Nur wenige andere Frauen waren zu sehen. Hier und da schritt majestätisch eine Aes Sedai durch die Gänge und hatte keine Zeit, Aufgenommene oder Novizinnen überhaupt zu bemerken. Fünf oder sechs Aufgenommene gingen wichtigtuerisch ihren Beschäftigungen oder Studien nach. Eine kleine Anzahl von Dienerinnen huschte mit Tabletts oder Besen oder mit ganzen Armladungen von Papieren oder Handtüchern vorbei. Ein paar Novizinnen eilten noch schneller als die Dienerinnen einher, um ihre Aufgaben zu erledigen.

Nynaeve und ihre Begleiterin mit dem schlanken, langen Hals — Theodrin — schlossen sich ihnen an. Keine sprach ein Wort. Nynaeve trug wieder das Kleid einer Aufgenommenen mit den sieben farbigen Bändern am Saum, aber Gürtel und Gürteltasche waren ihre eigenen. Sie lächelte Egwene und Elayne beruhigend zu und umarmte sie kurz.

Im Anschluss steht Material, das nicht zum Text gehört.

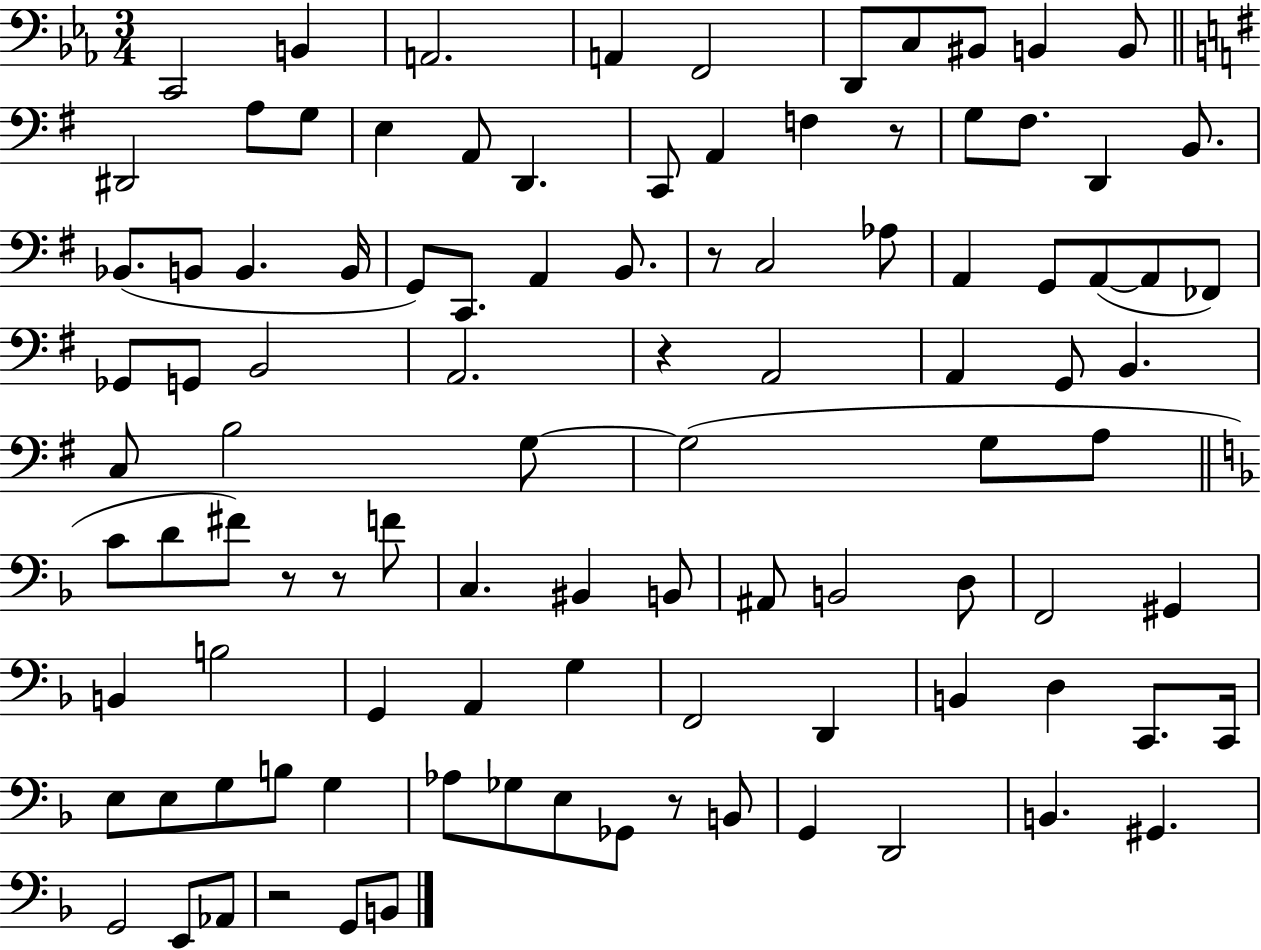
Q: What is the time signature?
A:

Egwene war so froh, ein anderes freundliches Gesicht zu sehen, daß sie die Umarmung erwiderte, ohne auf die Idee zu kommen, daß Nynaeve sich verhielt, als müsse sie Kinder beruhigen. Doch beim Weitergehen zupfte Nynaeve von Zeit zu Zeit hart an ihrem dicken Zopf.

In diesen Teil der Burg verirrten sich nur wenige Männer. Egwene sah lediglich zwei: Behüter, die ins Gespräch vertieft Seite an Seite den Gang hinunterschritten. Der eine trug sein Schwert an der Hüfte, der andere auf dem Rücken. Einer war klein und schlank, sogar beinahe zierlich, während der andere fast so breit wie groß war. Doch beide bewegten sich mit einer tödlichen Eleganz. Durch ihre farbverändernden Umhänge war es schwer, sie längere Zeit über zu beobachten. Teile ihrer Gestalten verschwammen gelegentlich mit den Wänden, vor denen sie entlangkamen. Sie sah, wie Nynaeve ihnen nachblickte, und schüttelte den Kopf. Sie muß etwas in bezug auf Lan unternehmen. Falls eine von uns nach dem heutigen Tag in der Lage ist, irgend etwas in bezug auf irgend jemanden zu unternehmen.

Das Foyer, durch das man zum Arbeitszimmer der Amyrlin gehen mußte, war prächtig genug für einen Palast, obwohl die im Raum verteilten Stühle für die Wartenden ganz einfach waren. Doch Egwene hatte nur Augen für Leane Sedai. Die Behüterin trug die schmale Stola, die ihrem Amt zustand — blau, weil sie der Blauen Ajah entstammte —, und ihr Gesicht schien wie aus glattem, braunem Stein gemeißelt. Sonst befand sich niemand im Foyer.

»Haben sie irgendwelche Schwierigkeiten gemacht?« Aus dem abgehackten Tonfall der Behüterin konnte man weder Zorn noch Anteilnahme entnehmen.

»Nein, Aes Sedai«, sagten Theodrin und die Aufgenommene mit den Apfelbäckchen wie aus einem Munde.

»Die hier mußte ich beinahe an den Haaren herbeizerren, Aes Sedai«, sagte Faolain und deutete auf Egwene. Die Aufgenommene klang erzürnt. »Sie ziert sich, als habe sie alle Disziplin vergessen, die in der Weißen Burg gelehrt wird.«

»Menschen zu führen«, sagte Leane, »bedeutet, sie weder zu schubsen noch zu zerren. Geht zu Marris Sedai, Faolain, und bittet sie um Erlaubnis, darüber nachzudenken, während Ihr die Wege im Frühlingsgarten mit dem Rechen glättet.« Damit entließ sie Faolain und die beiden anderen Aufgenommenen, die vor ihr tief knicksten. Von unten her warf Faolain Egwene einen haßerfüllten Blick zu.